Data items
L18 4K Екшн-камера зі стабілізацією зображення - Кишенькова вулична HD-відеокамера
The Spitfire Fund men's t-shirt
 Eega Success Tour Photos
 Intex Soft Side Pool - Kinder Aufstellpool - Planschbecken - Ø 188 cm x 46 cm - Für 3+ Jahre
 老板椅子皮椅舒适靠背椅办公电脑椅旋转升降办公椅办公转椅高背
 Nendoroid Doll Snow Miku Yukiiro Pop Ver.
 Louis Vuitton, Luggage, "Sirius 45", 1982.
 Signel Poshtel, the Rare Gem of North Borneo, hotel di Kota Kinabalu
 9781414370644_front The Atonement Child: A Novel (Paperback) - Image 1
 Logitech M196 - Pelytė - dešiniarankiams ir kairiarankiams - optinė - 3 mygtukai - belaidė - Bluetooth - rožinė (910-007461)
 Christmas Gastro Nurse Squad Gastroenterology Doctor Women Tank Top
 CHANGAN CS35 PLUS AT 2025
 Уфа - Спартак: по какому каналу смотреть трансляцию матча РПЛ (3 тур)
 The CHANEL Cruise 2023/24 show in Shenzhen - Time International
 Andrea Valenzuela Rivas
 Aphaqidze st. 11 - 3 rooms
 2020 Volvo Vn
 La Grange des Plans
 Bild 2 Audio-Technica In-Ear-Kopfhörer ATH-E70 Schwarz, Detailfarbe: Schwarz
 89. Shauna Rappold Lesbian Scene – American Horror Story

• [Activity]: Return the data exactly, every line included.

• [Answer to this problem]:
L18 4K Екшн-камера зі стабілізацією зображення - Кишенькова вулична HD-відеокамера
The Spitfire Fund men's t-shirt
 Eega Success Tour Photos
 Intex Soft Side Pool - Kinder Aufstellpool - Planschbecken - Ø 188 cm x 46 cm - Für 3+ Jahre
 老板椅子皮椅舒适靠背椅办公电脑椅旋转升降办公椅办公转椅高背
 Nendoroid Doll Snow Miku Yukiiro Pop Ver.
 Louis Vuitton, Luggage, "Sirius 45", 1982.
 Signel Poshtel, the Rare Gem of North Borneo, hotel di Kota Kinabalu
 9781414370644_front The Atonement Child: A Novel (Paperback) - Image 1
 Logitech M196 - Pelytė - dešiniarankiams ir kairiarankiams - optinė - 3 mygtukai - belaidė - Bluetooth - rožinė (910-007461)
 Christmas Gastro Nurse Squad Gastroenterology Doctor Women Tank Top
 CHANGAN CS35 PLUS AT 2025
 Уфа - Спартак: по какому каналу смотреть трансляцию матча РПЛ (3 тур)
 The CHANEL Cruise 2023/24 show in Shenzhen - Time International
 Andrea Valenzuela Rivas
 Aphaqidze st. 11 - 3 rooms
 2020 Volvo Vn
 La Grange des Plans
 Bild 2 Audio-Technica In-Ear-Kopfhörer ATH-E70 Schwarz, Detailfarbe: Schwarz
 89. Shauna Rappold Lesbian Scene – American Horror Story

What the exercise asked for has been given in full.